• Work to complete
Write back every line of the listing exactly, excluding images.

--- Exercise data ---

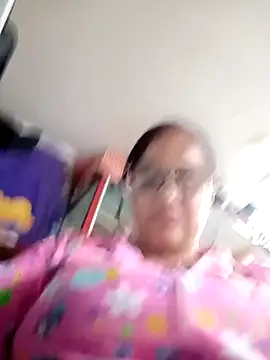 Edged_Hot69 Webcam-Show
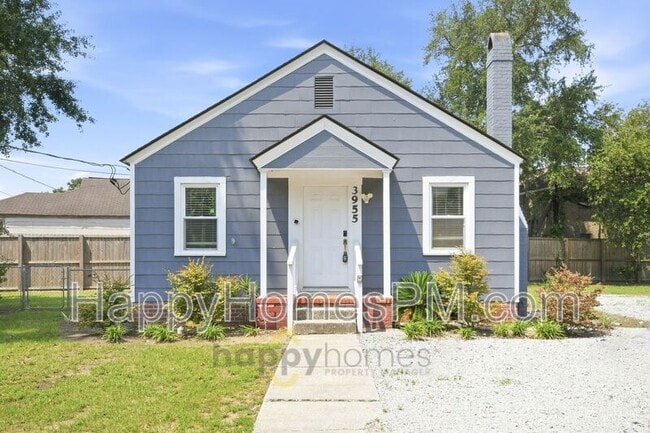 Building Photo - 3955 Christopher St
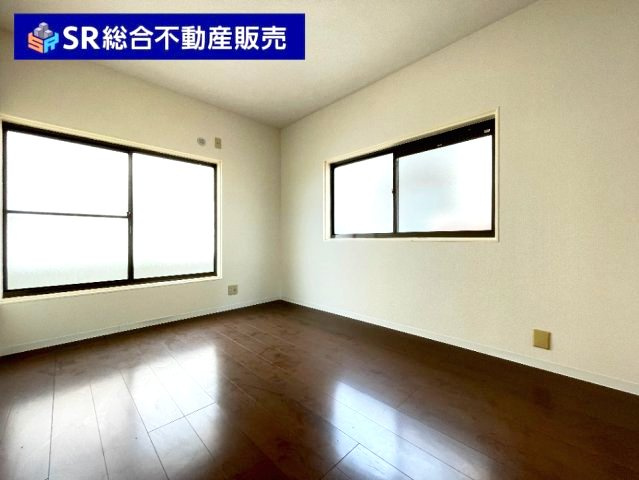 上六万寺町中古戸建の子供部屋|2面採光の明るいお部屋です♪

---

• Completed task
 Edged_Hot69 Webcam-Show
 Building Photo - 3955 Christopher St
 上六万寺町中古戸建の子供部屋|2面採光の明るいお部屋です♪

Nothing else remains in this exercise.